Motivasyon faktörleri gerçek güdüleyici faktörler olurken, hijyen faktörler ise bireyin tatminsizliğine engel olmaktadır. Tatminsizliği önlenemeyen bir bireyin motivasyon faktörleri ile güdülenmesi mümkün değildir.
Motivasyonda Süreç Teorileri Motivasyonda süreç teorileri arasında en fazla ilgi çeken teori, Victor Vroom tarafından geliştirilen Bekleyiş Teorisidir. Diğer teorilerin motivasyonu ihtiyaçlar ile açıklamasına karşılık bekleyiş teorisi, insanın arzu ettiği bir sonuca ulaşması halinde, benzer davranışı gösterdiği varsayımına dayanır. Bu teoride değer, bekleyiş ve araçsallık olmak üzere üç önemli nokta vardır
Değer; İnsanın işinde ulaşabileceği sonuca yada ödüle verdiği önemdir Değer; İnsanın işinde ulaşabileceği sonuca yada ödüle verdiği önemdir. Bir başka deyişle kişinin ödülü arzulama derecesidir. Bekleyiş; kişinin algıladığı bir olasılığı ifade eder.Buna göre belirli bir performans düzeyinin kendisini arzuladığı sonuca ulaştırıp ulaştıramayacağı hakkında kişinin inancının derecesi o kişinin bekleyişidir. Araçsallık; bireyin belirli düzeyde çaba ile ortaya koyduğu performansa karşılık elde ettiği birinci kademedeki ödüllerin, ikinci kademedeki beklentilerini gerçekleştirmeye araç olmasıyla ilgilidir.

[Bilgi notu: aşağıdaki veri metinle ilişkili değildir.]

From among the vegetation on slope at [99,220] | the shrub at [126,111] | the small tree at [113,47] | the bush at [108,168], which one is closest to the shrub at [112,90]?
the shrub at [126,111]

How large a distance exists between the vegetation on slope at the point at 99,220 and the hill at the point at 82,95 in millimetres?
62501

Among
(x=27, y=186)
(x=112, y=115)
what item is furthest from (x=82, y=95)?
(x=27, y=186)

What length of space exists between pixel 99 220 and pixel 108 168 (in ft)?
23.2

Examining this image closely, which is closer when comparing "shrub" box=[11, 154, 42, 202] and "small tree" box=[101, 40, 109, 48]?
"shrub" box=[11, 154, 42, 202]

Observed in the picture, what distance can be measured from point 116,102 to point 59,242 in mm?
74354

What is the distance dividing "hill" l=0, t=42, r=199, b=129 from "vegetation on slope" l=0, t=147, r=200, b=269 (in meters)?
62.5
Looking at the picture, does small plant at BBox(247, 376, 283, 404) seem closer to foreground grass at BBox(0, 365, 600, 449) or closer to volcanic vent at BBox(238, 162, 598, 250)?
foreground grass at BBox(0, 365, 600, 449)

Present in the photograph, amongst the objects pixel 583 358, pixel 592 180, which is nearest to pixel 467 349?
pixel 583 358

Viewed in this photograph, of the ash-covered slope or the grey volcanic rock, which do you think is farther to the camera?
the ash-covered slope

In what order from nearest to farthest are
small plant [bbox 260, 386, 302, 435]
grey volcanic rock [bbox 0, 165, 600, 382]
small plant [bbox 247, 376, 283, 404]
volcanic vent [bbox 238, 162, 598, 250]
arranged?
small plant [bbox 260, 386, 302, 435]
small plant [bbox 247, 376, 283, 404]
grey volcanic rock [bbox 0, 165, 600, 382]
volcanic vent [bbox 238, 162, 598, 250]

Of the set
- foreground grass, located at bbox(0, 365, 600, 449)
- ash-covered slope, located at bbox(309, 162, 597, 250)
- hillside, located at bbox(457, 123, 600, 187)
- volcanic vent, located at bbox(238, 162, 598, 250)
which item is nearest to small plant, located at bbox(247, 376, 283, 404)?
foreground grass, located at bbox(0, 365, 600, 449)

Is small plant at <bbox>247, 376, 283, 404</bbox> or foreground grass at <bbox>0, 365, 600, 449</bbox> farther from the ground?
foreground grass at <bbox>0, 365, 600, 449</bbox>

Bu teoriye göre birey; belirli bir dönemde ulaşılmak istenen sonuçlara ya da ödüllere değer veriyorsa, Belirli düzeyde bir çabanın belirli bir performans ile sonuçlanacağına inanıyorsa (bekleyiş) Bu performansın birinci derece sonuç-ödül ile karşılanacağına inanıyorsa ve aynı zamanda birinci derece sonuçların kendisi için son derece önemli olan ikinci derece sonuçlara ya da ödüllere ulaşmada araç olduğunun farkındaysa motive olacaktır. Buna durumda yöneticiler, çalışanların değer verecekleri örgütsel amaç ve ödüller belirlemeli. Belirli bir çaba gösterdikleri takdirde performans gösterebilecekleri konusundaki inançlarını güçlendirmeli ve cesaretlendirmelidir. Ayrıca, örgütsel performans ve amaçların bireysel amaçlara ulaşmadaki araçsal önemini vurgulamalıdır.

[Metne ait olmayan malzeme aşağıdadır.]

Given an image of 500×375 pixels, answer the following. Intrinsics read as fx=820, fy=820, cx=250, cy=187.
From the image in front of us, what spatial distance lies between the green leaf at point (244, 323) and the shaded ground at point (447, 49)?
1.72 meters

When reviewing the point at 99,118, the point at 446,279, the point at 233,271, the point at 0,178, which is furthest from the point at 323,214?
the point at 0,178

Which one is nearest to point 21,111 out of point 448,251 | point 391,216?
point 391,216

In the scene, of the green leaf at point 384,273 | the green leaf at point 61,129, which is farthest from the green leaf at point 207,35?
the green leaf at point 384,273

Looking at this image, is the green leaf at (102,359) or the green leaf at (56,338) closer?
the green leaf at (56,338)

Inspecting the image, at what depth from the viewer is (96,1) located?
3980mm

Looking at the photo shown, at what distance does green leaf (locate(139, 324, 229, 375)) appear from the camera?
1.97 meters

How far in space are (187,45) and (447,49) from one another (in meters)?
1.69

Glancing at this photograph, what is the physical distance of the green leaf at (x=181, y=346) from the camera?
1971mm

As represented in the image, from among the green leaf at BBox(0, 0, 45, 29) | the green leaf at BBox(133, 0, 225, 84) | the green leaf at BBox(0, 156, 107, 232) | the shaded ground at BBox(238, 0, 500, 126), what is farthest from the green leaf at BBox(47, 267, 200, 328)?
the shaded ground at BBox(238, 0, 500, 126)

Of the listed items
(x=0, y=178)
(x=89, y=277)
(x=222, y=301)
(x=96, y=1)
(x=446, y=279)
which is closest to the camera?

Eşitlik Teorisi S. Adams’ın Eşitlik teorisinin temeli, bireyin kendi kurumunda başka bir bireyle veya kendi durumunda olan başka bir kurumda çalışan kişinin durumu ile kendisini karşılaştırması ve iş ortamı ile ilgili algıladığı eşitlik veya eşitsizlikle ilgilidir. Buna göre çalışanlar, bir işten elde ettiklerini, o işe kattıklarıyla ilişkili olarak algılarlar. Daha sonra da kendi girdi-çıktı oranlarını ilgili diğer kişilerin girdi-çıktı oranları ile karşılaştırırlar. Karşılaştırma sonucunda eşit muameleye tabi olduğunu düşündüğünde motive olacak, eşitsizlik durumunda ise, motivasyon eksikliği ortaya çıkacaktır.